ストーンズと、ミックと過ごした60年代、マリアンヌがストーンズに影響を与えた曲たちをちょっとご紹介。

「She’s A Rainbow」(67年)

ミックがマリアンヌを想って歌ったと言われる曲。

She’s like a rainbow
─彼女は虹のようさ
Coming, colors in the air
─彼女がやってくると空気が色づくんだ
Oh, everywhere
─辺り一面さ
She comes in colors
─彩りをまとってやってくる

最近ではベネッセの進研ゼミのCMでお馴染みだが、一昔前にiMacのCMで一躍有名になった曲。
ニッキー・ホプキンスが奏でるピアノの旋律と美しいメロディが印象的。ストーンズにもこんな美しい曲があるんです。まさにマリアンヌのことを歌ったような歌詞に注目。


「Sympathy for the Devil(邦題:悪魔を憐れむ歌)」(68年)
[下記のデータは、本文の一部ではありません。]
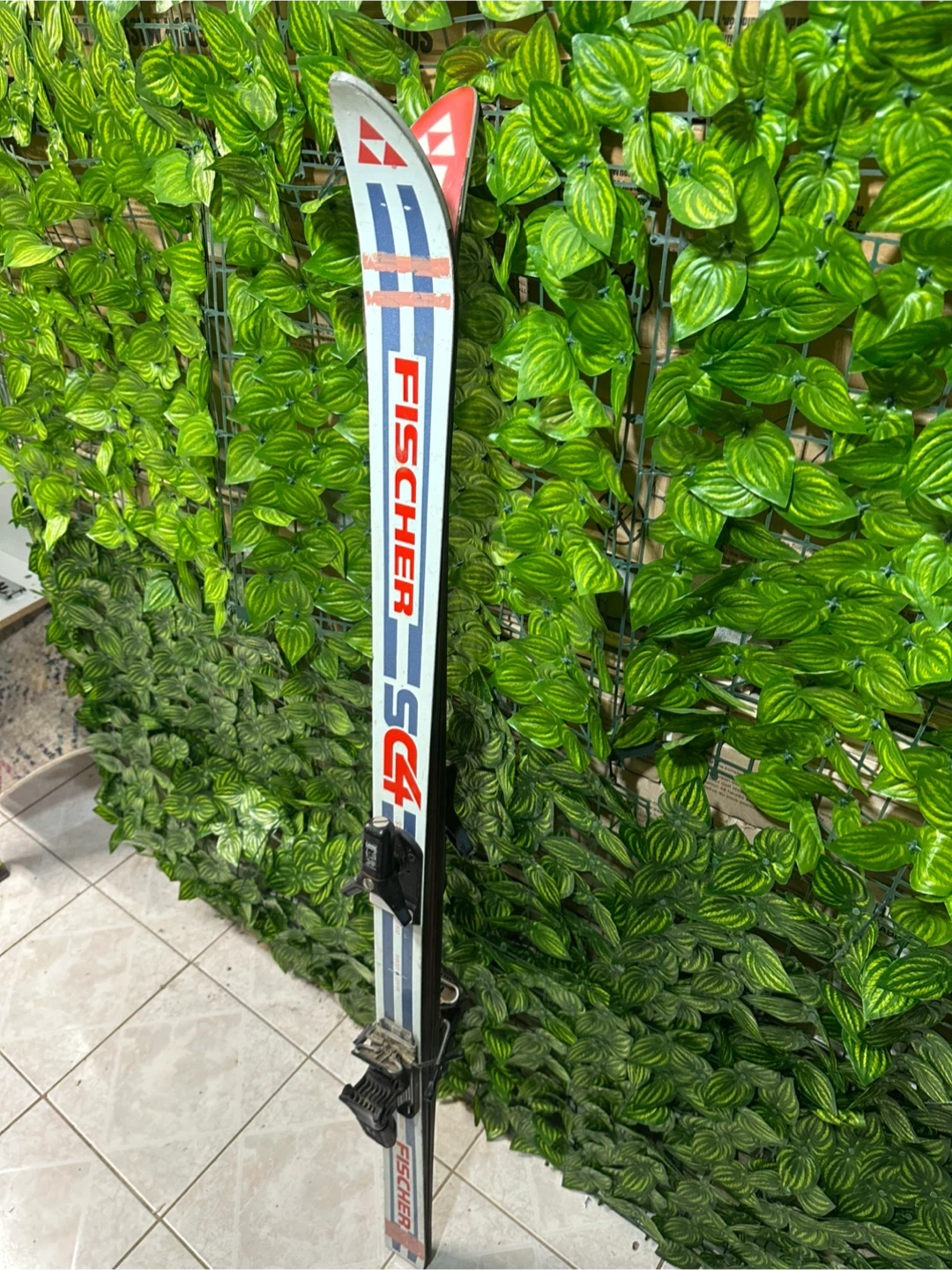 Fischer SC GS Downhill Mountain Skis, 58 inches long - photo 2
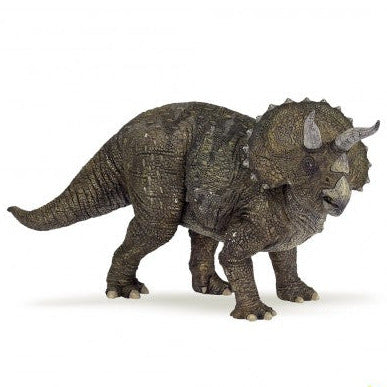 Triceratops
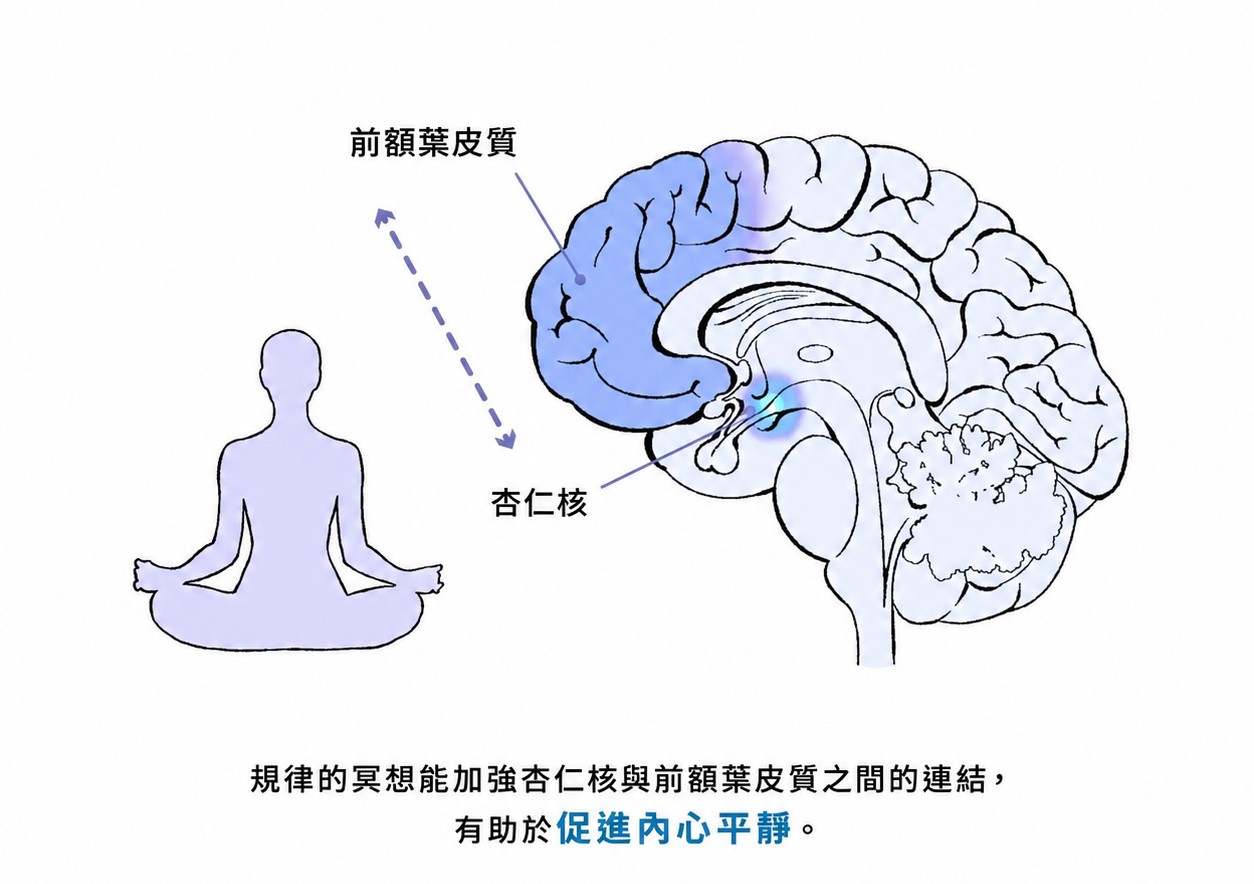 規律冥想能加強杏仁核(大腦的情緒警報中心)與前額葉皮質(負責理性判斷與情緒調節的區域)之間的神經連結,有助於促進內心平靜、降低情緒反應強度。(The Epoch Times/Shutterstock)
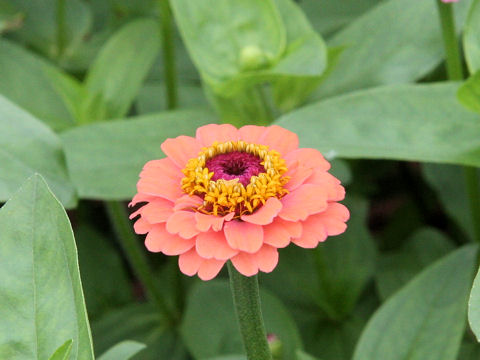 Zinnia elegans cv. Pom Pom Mix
アルバム『ベガーズ・バンケット』のオープニングを飾る曲。
「悪魔を憐れむ歌」は小説「巨匠とマルガリータ」から着想を得ているが、マリアンヌがこの小説をミックに薦め、読んだとされている。

Please allow me to introduce myself
─自己紹介をさせてください
I’m a man of wealth and taste
─私は財産家で贅沢者の男です
I’ve been around for long, long years
─私は幾世も生きてきて
Stole many man’s soul and faith
─多くの人から魂と信仰を奪いました

人類が歴史に刻んだ残虐行為に焦点を置いたこの曲は、発表当初かなりの物議を醸した。ミックは白人にとって異文化の音楽に当たるアレンジが、何かしら非常に不吉なモノを感じさせる効果があると述べているが、まさにゾクゾクするような、心を乱されるような、落ち着いて聴いていられない曲である(←褒めている)。
『ベガーズ・バンケット』はついつい聴いてしまうアルバムなのでもう何回聴いたかわからないが、飽きないんだなー、これが。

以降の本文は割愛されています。